We delve further into the analysis with additional examples aimed at illustrating diverse situations and their nuanced interpretations. Throughout the following examples, we place a particular emphasis on the interpretation of performance profiles, offering readers practical insights into understanding and analyzing results. These examples span various scenarios, showcasing the adaptability of performance profiles in capturing different facets of solver performance across distinct benchmarks.

Additionally, it is essential to note that, in all the forthcoming examples, an unsolved problem is designated with a metric value of $+\infty$.

Example 1: A clear winner

We consider here two solvers on a set of 5 problems.
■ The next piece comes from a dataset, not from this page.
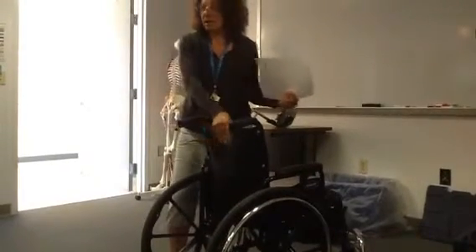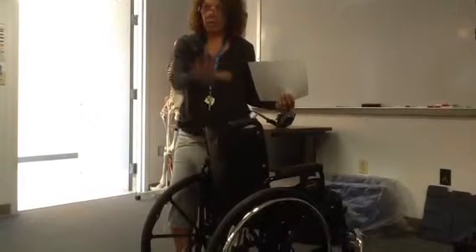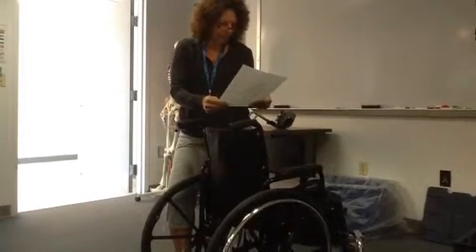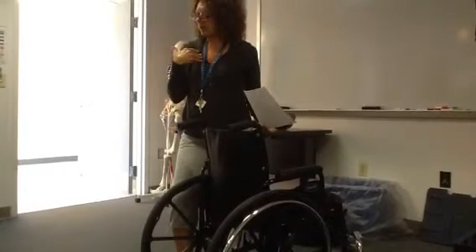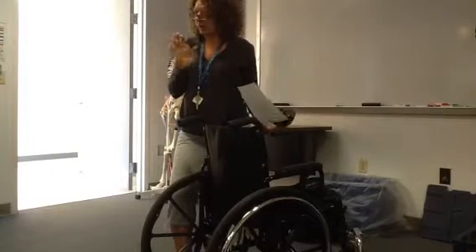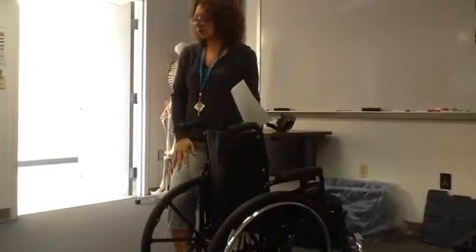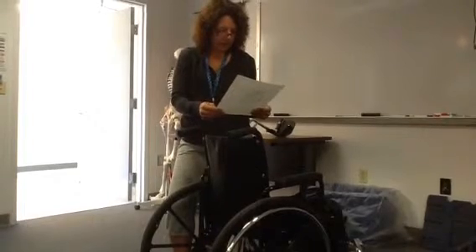Normally the back can be what we call a sling back — nice and soft and moveable — or you can get a hard, solid surface. The solid would be more like what I was describing for the older lady. There's also one called a J back, which is cut out and rounded. It works very nicely.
using BenchmarkProfiles, Plots
T = [
  1.0 5.0;
  1.0 10.0;
  1.0 15.0;
  1.0 20.0;
  1.0 20.0;
]
performance_profile(PlotsBackend(), T, ["Solver A", "Solver B"])

Example 1: A clear winner

We can observe from this profile that:

  • Solver A was better than Solver B on all problems;
  • Solver A and Solver B both solved all the problems. Therefore, it is clear that on this test set and according to the chosen metric Solver A is preferable.

Example 2: Fast but not robust

We consider here two solvers on a set of 8 problems.
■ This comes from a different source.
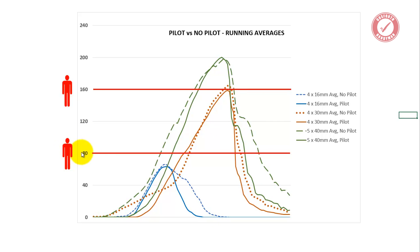I've also added a little person on here to show average body weight. I weigh about 80 kilos, so there's the 80 kilo mark — that's one of me. There's the 160 kilo mark, so that's two of me. For every one of these red lines, you're going past my body weight. Green lines are the 5x40, orange lines are the 4x30, and the blue lines are the 4x16.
using BenchmarkProfiles, Plots
T = [
  1.0 5.0;
  1.0 10.0;
  1.0 20.0;
  5.0 10.0;
  7.0 15.0;
  6.0 5.0;
  Inf 20.0;
  Inf 20.0;
]
performance_profile(PlotsBackend(), T, ["Solver A", "Solver B"])
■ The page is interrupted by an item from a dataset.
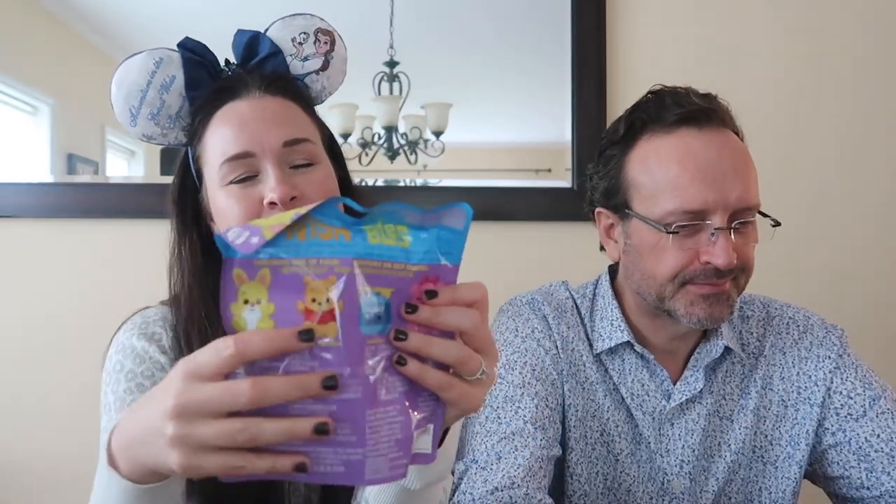I think this is really cute, and I love that they included the Heffalump in this set. It's a Heffalump! I'm not a Heffalump. You're my Heffalump! So this is the first one — I think it's adorable. I wish that Eeyore was in here, but I'll take a Heffalump. Okay, I'm going to open up the next one.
Example 2: Fast but not robust

We can observe from this profile that:

  • Solver A is better than Solver B on 62% of the problems;
  • Solver B solves 75% of the problems within a factor $\approx 2^3$ of the best solver, and all the problems within a factor $\approx 2^5$;
  • Solver B solves all the problems, while Solver A only solves 75% of the problems.

Therefore, we can observe a mixed situation here. If one is interested in solving efficiently 75% of the problems, then Solver A is of choice. Howeover, Solver B is more robust as it mangages to solve all the problems.

Example 3: Very small factor

The following exemple shows that we need to pay attention to the factors on the x-axis.

using BenchmarkProfiles, Plots
T = [
  1.0 1.0003;
  1.0 1.0003;
  1.0 1.0003;
  1.0 1.0003;
  1.0 1.0003;
]
performance_profile(PlotsBackend(), T, ["Solver A", "Solver B"])

Example 3: Very small factor

In this case, it is clear that Solver A is better than Solver B, however the factor of difference is so small that it is difficult to draw a clear line between both. This is a situation where either both solvers are equivalent or the metric chosen is not appropriate.

The difficult case of more than 2 solvers

The following example was taken from Gould & Scott, 2016 where is shown the performance of three solvers on a test set of five problems, where the smaller the statistic, the better the solver performance.

ProblemSolver ASolver BSolver C
121.51
211.22
3142
41520
52520
using BenchmarkProfiles, Plots
T = [
  2.0 1.5 1.0;
  1.0 1.2 2.0;
  1.0 4.0 2.0;
  1.0 5.0 20.0;
  2.0 5.0 20.0;
]
performance_profile(PlotsBackend(), T, ["Solver A", "Solver B", "Solver C"])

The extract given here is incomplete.